• _YOUR GOAL_
All the lines below need to be transcribed exactly. Pictures get left out.

• _GIVEN DATA_
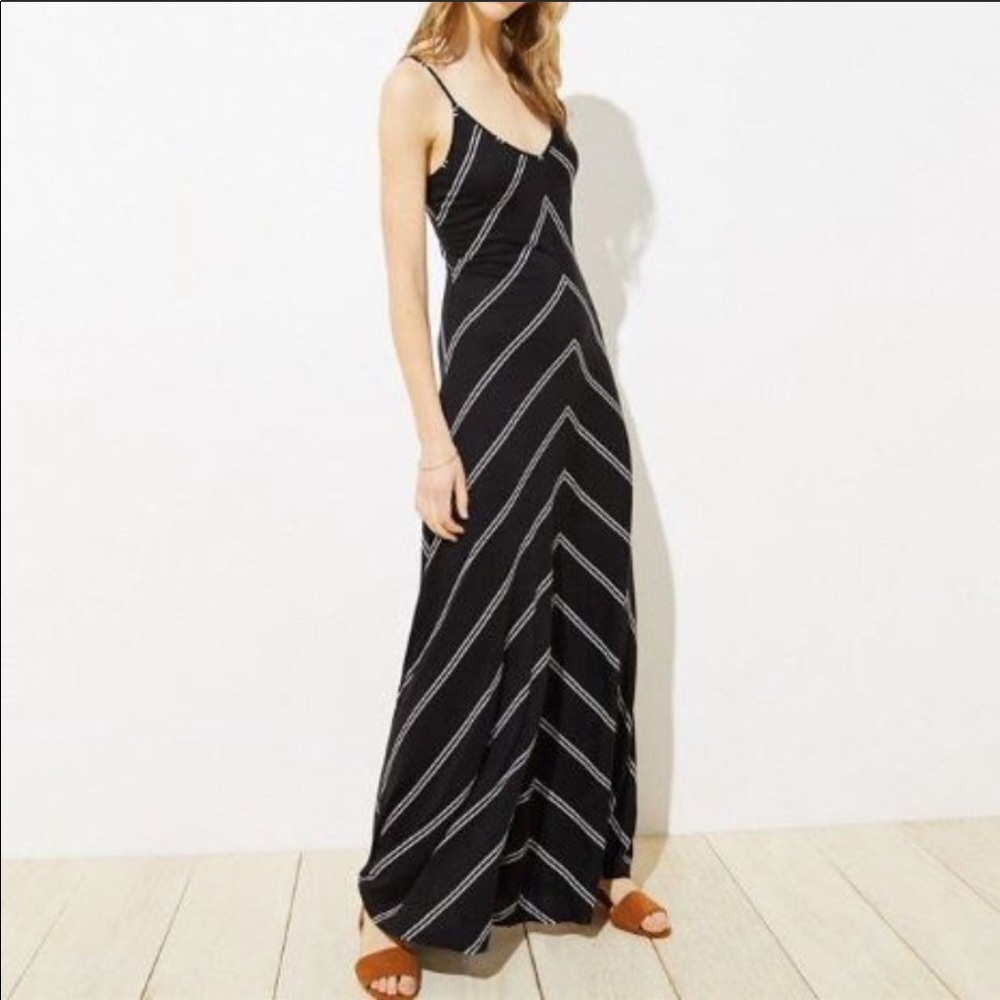 Loft Sun dress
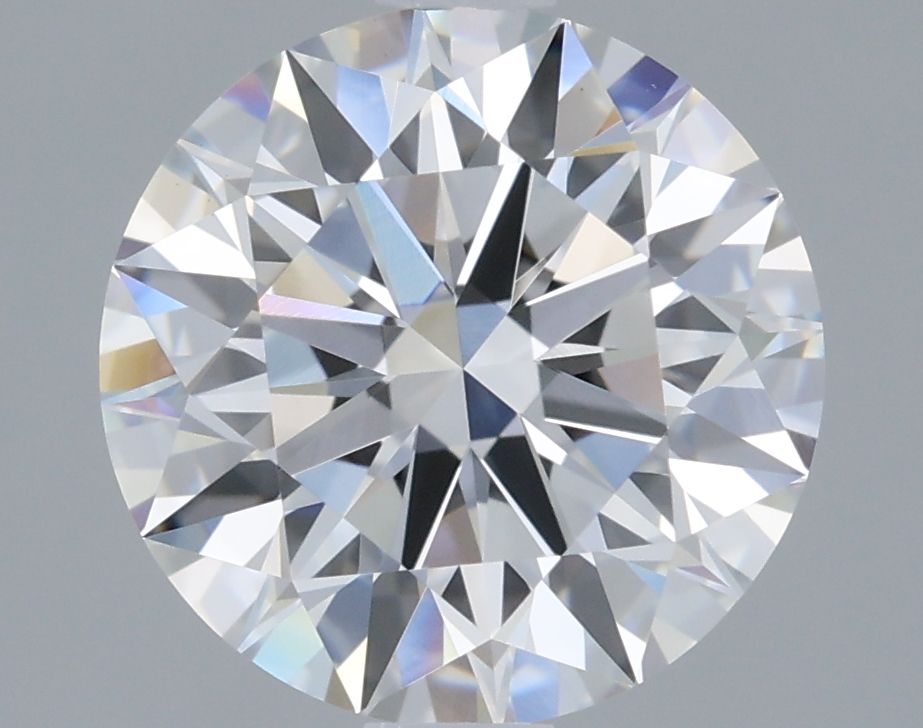 2.08 ct Round diamond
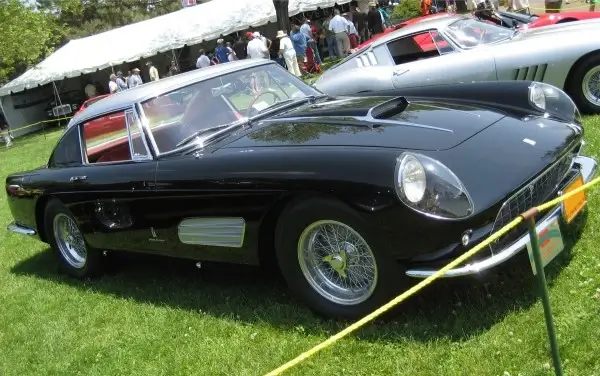 Click to enlarge 1959 Ferrari 410 Superamerica Series 3 Coupe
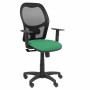 Office Chair Piqueras y Crespo 6B10CRN Emerald Green Light Green With armrests
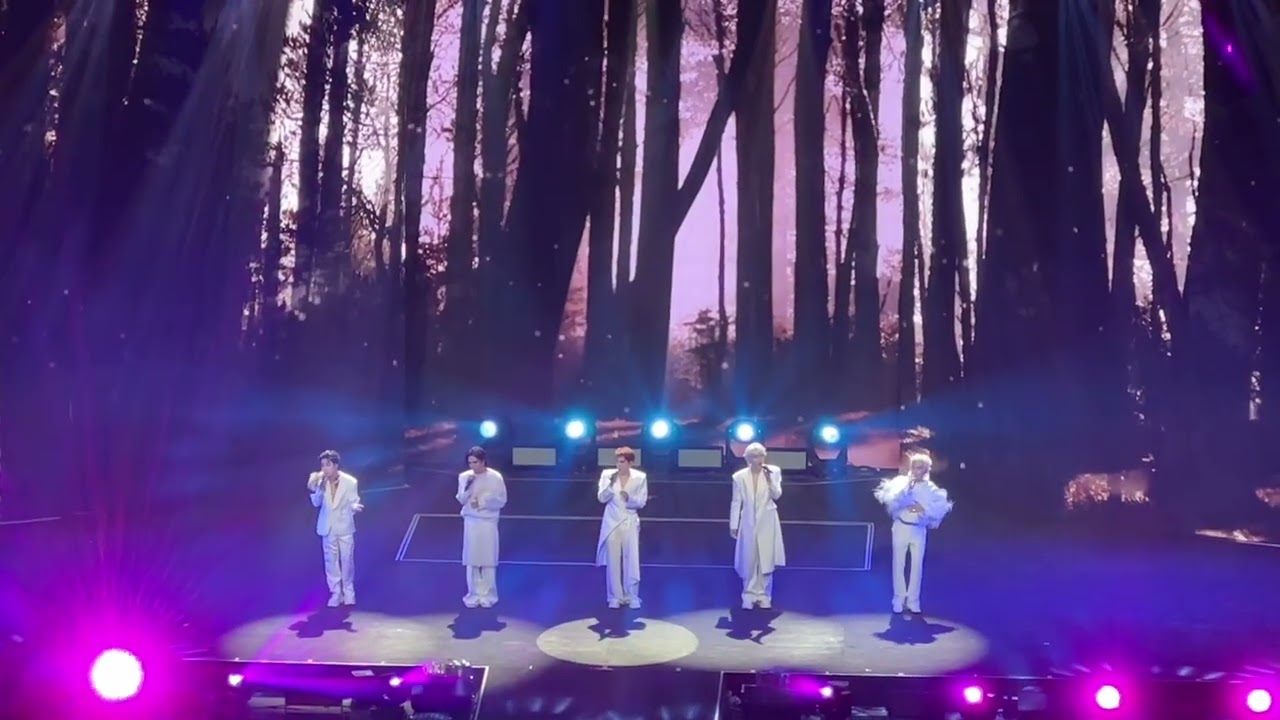 SB19 - Tilaluha / Hanggang sa Huli (Pagtatag World Tour Manila) Day2 #fancam #sb19pagtatag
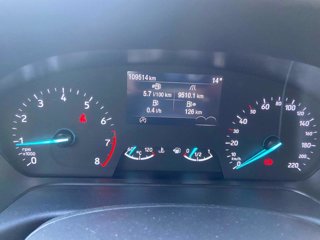 FORD Puma 1.0 EcoBoost Hybrid 125 CV S&S Titanium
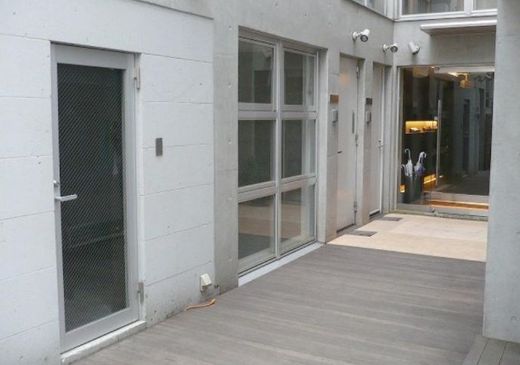 パサージュ代官山 建物　画像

• _OUTPUT_
 Loft Sun dress
 2.08 ct Round diamond
 Click to enlarge 1959 Ferrari 410 Superamerica Series 3 Coupe
 Office Chair Piqueras y Crespo 6B10CRN Emerald Green Light Green With armrests
 SB19 - Tilaluha / Hanggang sa Huli (Pagtatag World Tour Manila) Day2 #fancam #sb19pagtatag
 FORD Puma 1.0 EcoBoost Hybrid 125 CV S&S Titanium
 パサージュ代官山 建物　画像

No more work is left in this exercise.